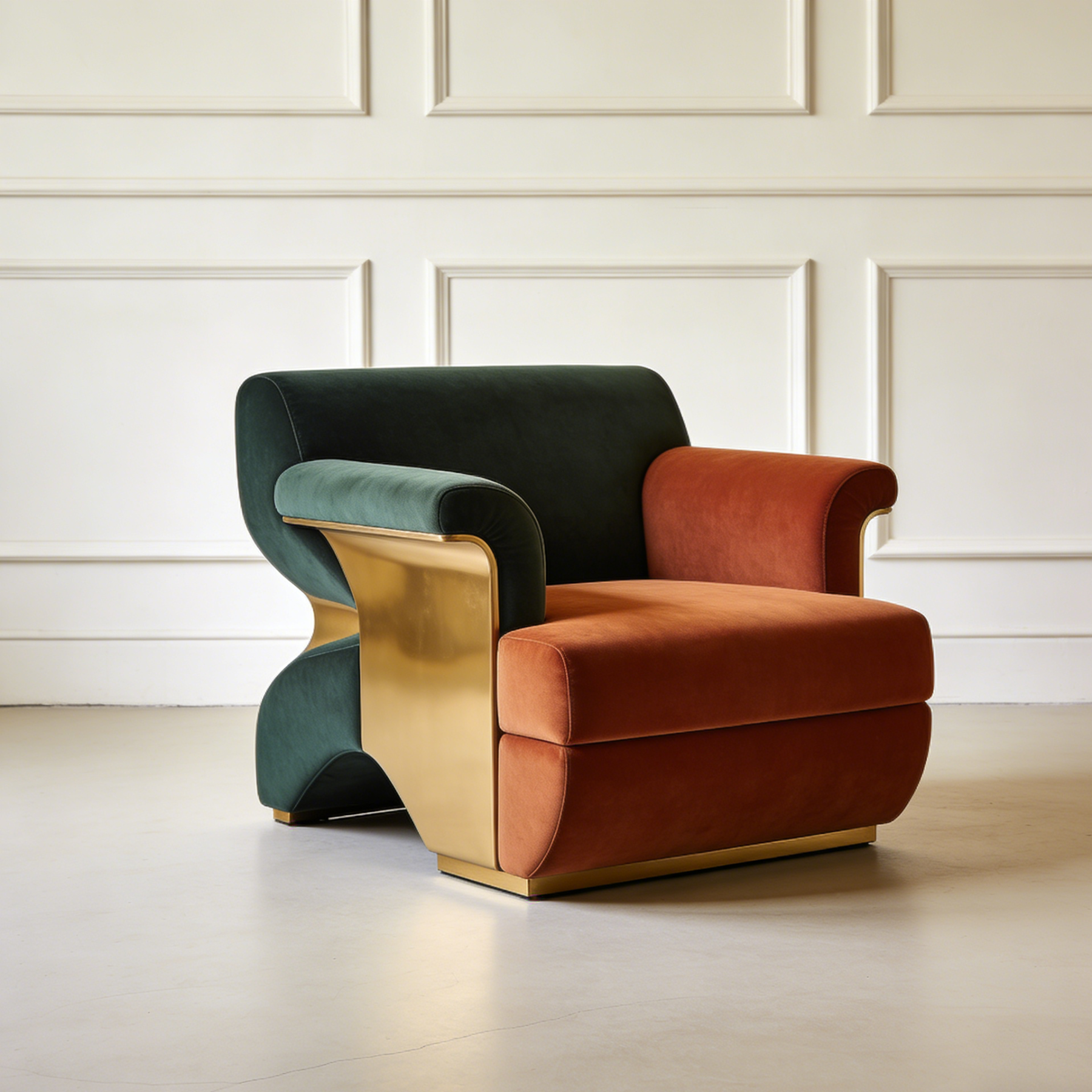 現代簡約單人沙發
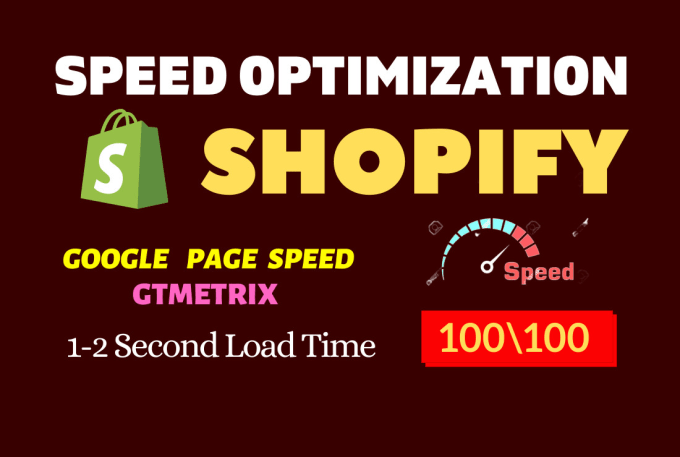 Gig Preview - Do shopify store speed optimization mobile and desktop for google pagespeed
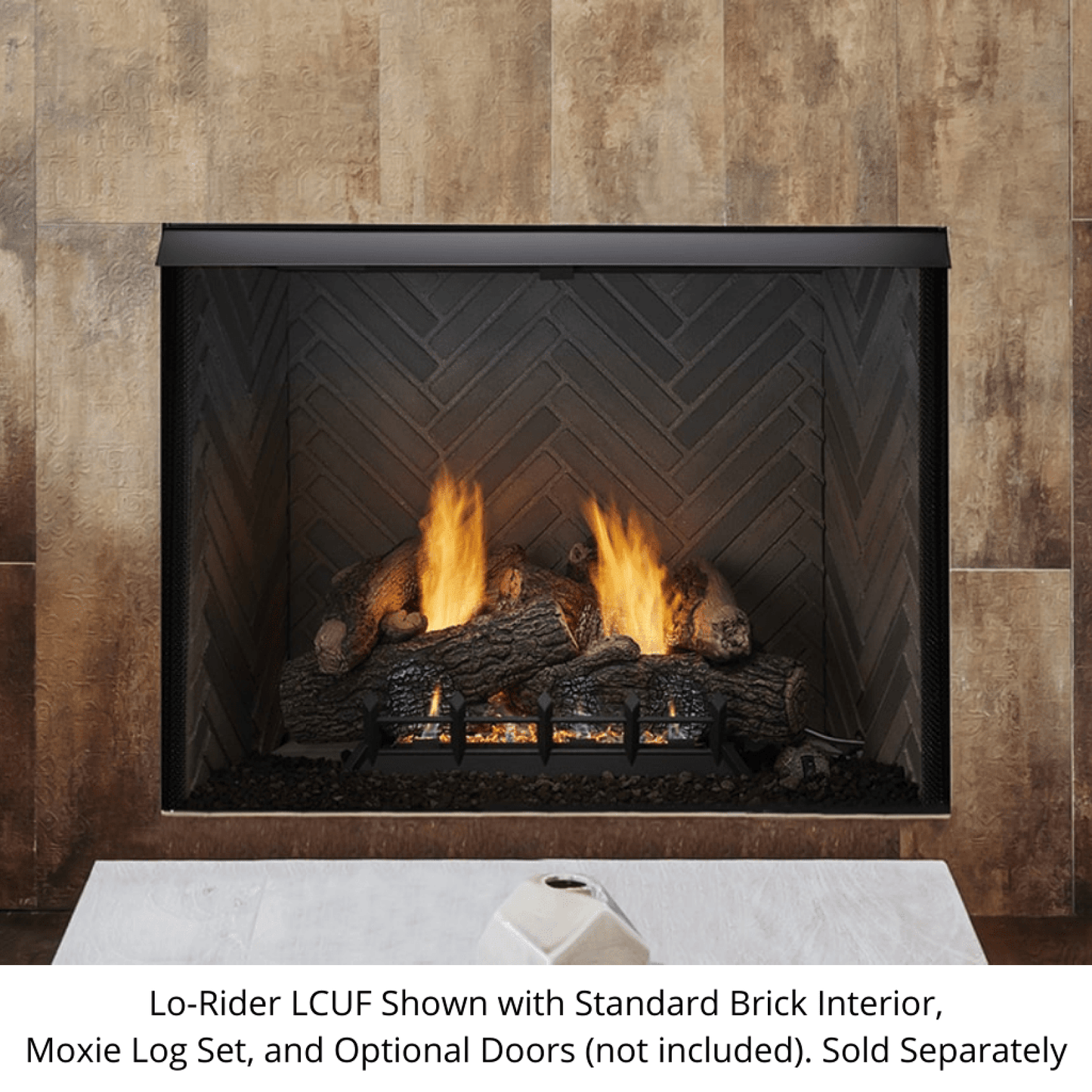 Monessen 36" Lo-Rider LCUF Clean Face Vent Free Firebox with Traditional Refractory Firebrick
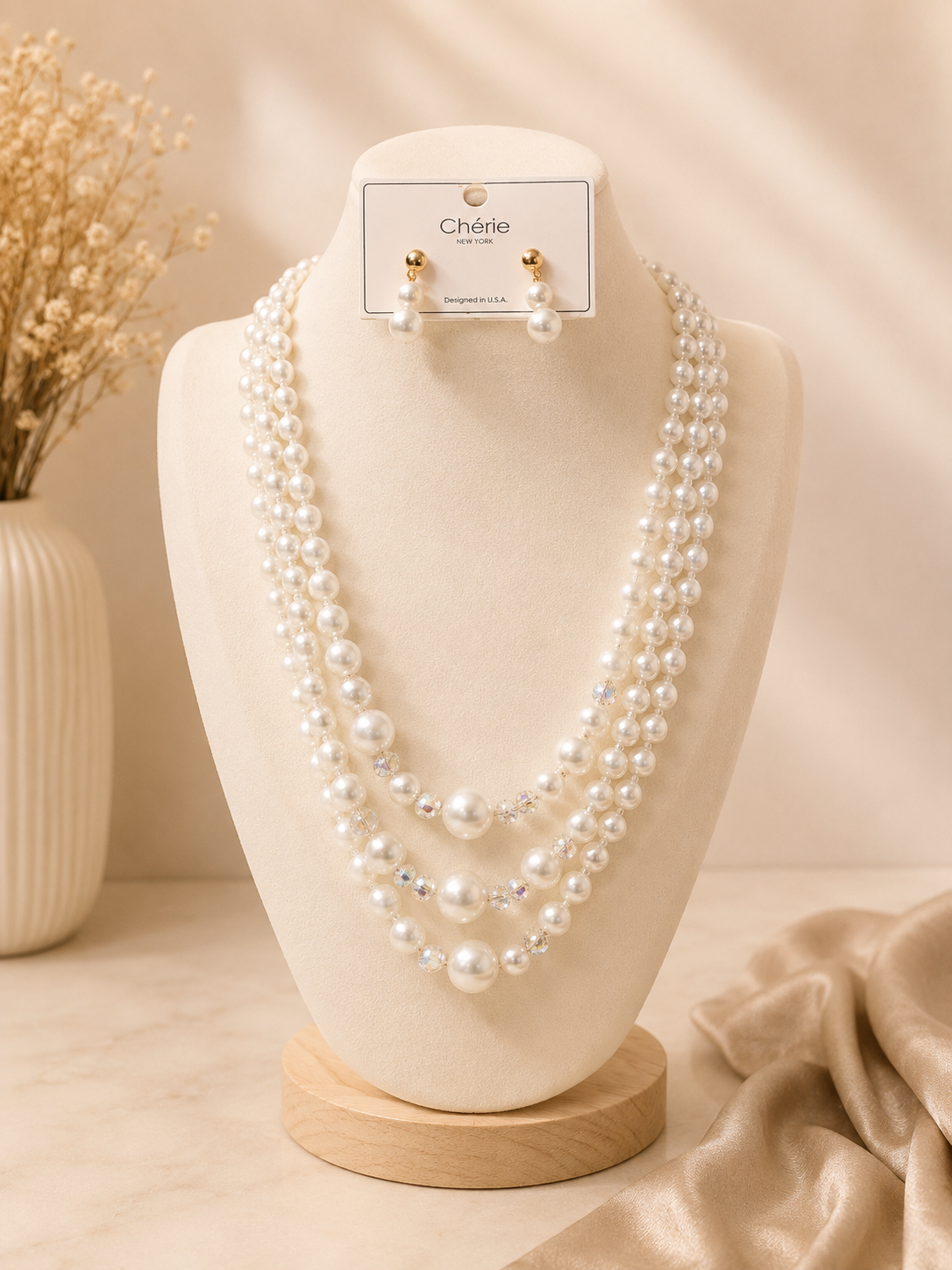 Pearl jewelry set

◆ TASK DETAILS
Once the pictures are dropped, repeat the data above exactly.

◆ TASK ANSWER
 現代簡約單人沙發
 Gig Preview - Do shopify store speed optimization mobile and desktop for google pagespeed
 Monessen 36" Lo-Rider LCUF Clean Face Vent Free Firebox with Traditional Refractory Firebrick
 Pearl jewelry set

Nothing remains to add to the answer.